Inmitten des internationalen Handelsstreits und der Wirren um den Brexit sind die heimischen Warenausfuhren 2019 um 2,5 Prozent auf 153,9 Milliarden Euro weiter gestiegen, wie aus ersten Prognosen der Wirtschaftskammer Österreich (WKÖ) hervorgeht. Das Wachstum war damit aber deutlich gebremst, denn 2018 hatten die Exporte laut Statistik Austria noch um fast 6 Prozent auf 150,1 Milliarden Euro zugelegt.

"Seit Beginn der 2000er Jahre haben wir 121 Prozent Exportwachstum - das muss uns einmal jemand nachmachen", betonte WKÖ-Präsident Harald Mahrer am Mittwoch. 50 Prozent aller Arbeitsplätze in Österreich hingen am Export. "Die Lage der österreichischen Exportwirtschaft ist sehr rosig", meinte Mahrer. "Wir sind eigentlich überall im Plus, es gibt keine großen Einbrüche."

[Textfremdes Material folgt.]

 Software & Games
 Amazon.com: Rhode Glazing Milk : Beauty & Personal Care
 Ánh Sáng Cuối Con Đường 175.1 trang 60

Auch die Lieferungen an den EU-Austrittskandidaten Vereinigtes Königreich hätten 2019 noch einmal um rund 10 Prozent zugelegt - nach einem relativ schwachen Jahr 2018. "Es könnte besser sein, aber wir sind zufrieden, wie stabil es ist, und glauben, dass es mit einem guten Abkommen (mit der EU, Anm.) so weitergeht", sagte Mahrer mit Blick auf den am Freitag anstehenden Brexit und die Übergangsphase bis Ende 2020, in der sich vorläufig nichts ändert. "Ich glaube, dass wir dort relativ gut im Geschäft bleiben." Die Briten gehören zu den Top-10-Zielländern für heimische Waren - sie rangieren auf Platz neun und somit vor China.

Deutschland größter Kunde

Deutliche Bremsspuren bei den zahlreichen österreichischen Kfz-Zulieferbetrieben hinterlässt allerdings der Nachfrageeinbruch in der Automobilindustrie. "Wir haben ein Thema in der Automobilindustrie. Die Frage ist, welche Antriebstechnologie wird sich in Zukunft durchsetzen, ob Elektro, Wasserstoff oder eine andere", sagte Mahrer. "Das weiß die Autoindustrie, und die macht große Umbauarbeiten." Man müsse dem Zeit geben. "Da wir Zulieferer - speziell für Deutschland - sind, haben wir da einen gewissen Betroffenheitsgrad", so der WKÖ-Chef. "Die Exporterfolge könnten größer sein, hätten wir dort bessere Zahlen."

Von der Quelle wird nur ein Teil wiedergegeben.